Parallel to education, the healthcare system is usually pushed to its breaking point during wartime. Wounded children require immediate access to medical treatment, but in a war zone, hospitals and emergency centers themselves suffer from critical supply shortages, ruined infrastructure, and broken pharmaceutical supply chains. For children suffering from chronic illnesses, this breakdown poses a direct threat to survival. Concurrently, the scarcity of clean water, disrupted sanitation services, and reduced food security multiply the risks of malnutrition and the outbreak of infectious diseases—a trajectory where children consistently comprise the primary victims.

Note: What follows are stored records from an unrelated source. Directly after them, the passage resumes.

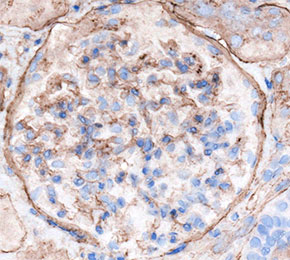F7452-IHC1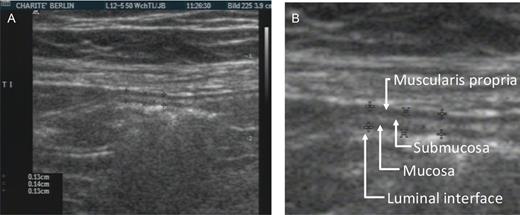 Measurement of bowel wall thickness by two-dimensional sonography. (A) Wall thickness measurement in the terminal ileum (longitudinal section). (B) Detailed cut-out showing four layers of different echogenicity.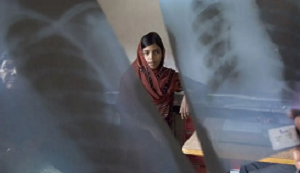 Tuberculosis: un viejo asesino invencible
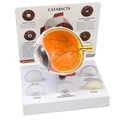CATARACT EYE MODEL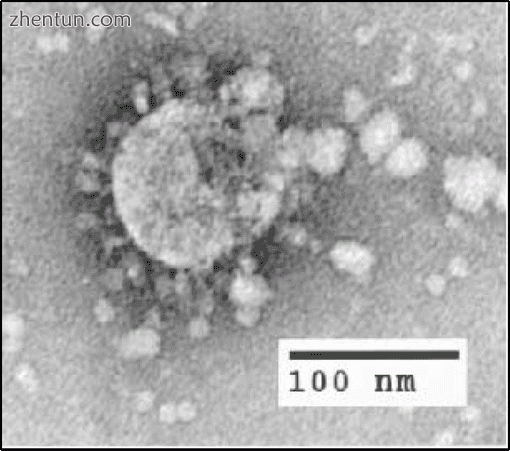 Electron micrograph of SARS coronavirus virion.gif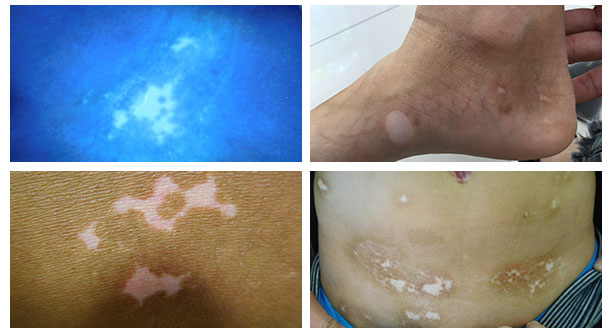 【醫德高尚暖人心,醫術精湛傳四方】白癜風康復患者送來感謝錦旗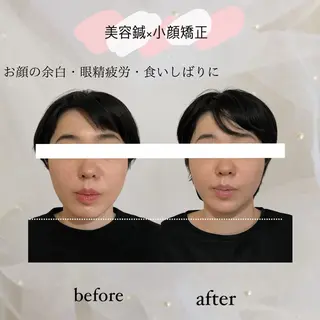 harisalon aleumのエステ・リラクイメージ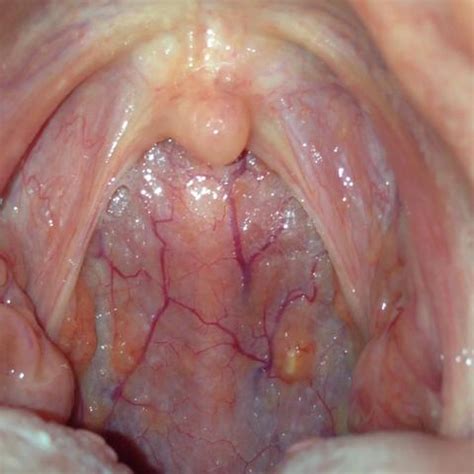 Auch die gürtelrose (= herpes zoster) wird durch vzv verursacht. Wieso habe ich gelbliche Flecken im Rachen (Gesundheit)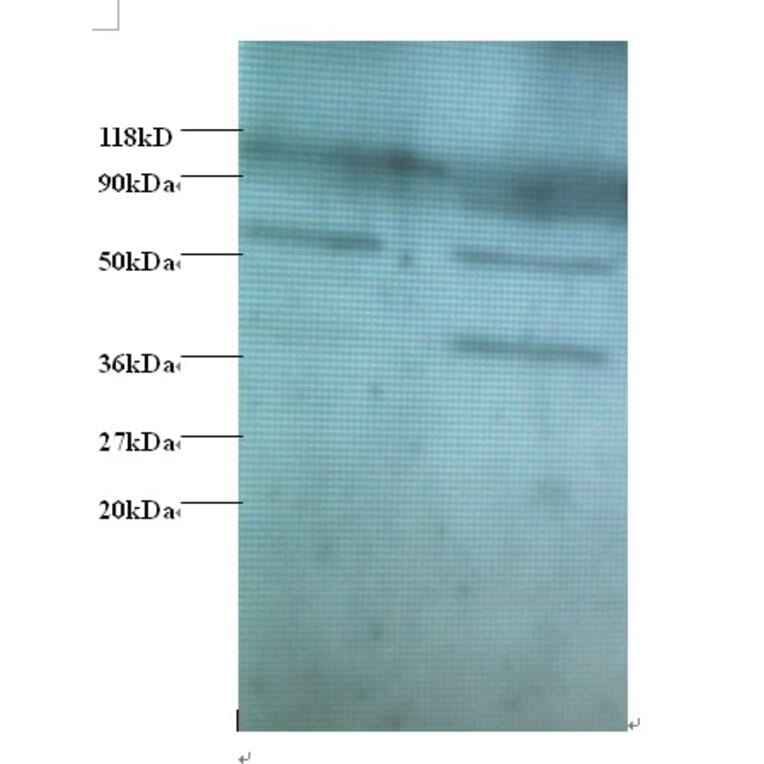 Heterogeneous nuclear ribonucleoprotein Q Polyclonal Antibody from Signalway Antibody (42390) - Antibodies.com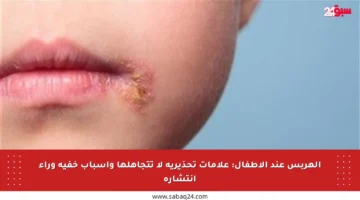 الهربس عند الأطفال: علامات تحذيرية لا تتجاهلها وأسباب خفية وراء انتشاره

Another devastating byproduct of war is the widespread displacement of families. Millions of children lose their homes, schools, and social circles during hostilities, forcing them into perilous migration tracks. Throughout this frantic process, the danger of parental separation or becoming orphaned increases exponentially. For a child, the experience of displacement is far more than a change in geographical coordinates; it is the total loss of a sense of security, belonging, and psychological stability. Families enduring the compounding pressures of war, poverty, and displacement are systematically left with diminished capacity to provide the emotional and economic buffer their children desperately need.
From a legal standpoint, the protection of children during armed conflicts is one of the most immutable principles of international law. The Convention on the Rights of the Child and the rules of international humanitarian law strictly obligate all parties to a conflict to differentiate between military objectives and civilians, and to refrain from attacking vital civilian hubs such as schools and hospitals. Furthermore, the Principle of Proportionality mandates that even when a legitimate military target exists, any attack that inflicts excessive or widespread civilian casualties can be deemed a flagrant violation of international law.
Viewed through this lens, the recent conflict involving the US, Israel, and Iran cannot be dismissed merely as a geopolitical chess game. Its humanitarian fallout, specifically regarding children, remains an inseparable matrix in the evaluation of this war. As the scope of the conflict widens, the probability of deeply scarring the youngest generation scales up—a generation destined to carry the heavy psychological and physical shrapnel of this war not just today, but for decades to come.
Ultimately, the issue of children in war is neither a sentimental nor a purely moral topic; it is the definitive yardstick used to measure the warring parties’ compliance with humanitarian and legal parameters. The history of modern warfare proves that reconstructing physical infrastructure can be accomplished within a finite timeframe, but healing the psyches and salvaging the futures of children who lived through the horror of war requires generations of dedicated effort. Protecting children, in practice, means safeguarding the very future of societies and maintaining the bare minimum boundaries of human decency amidst the absolute violence of war.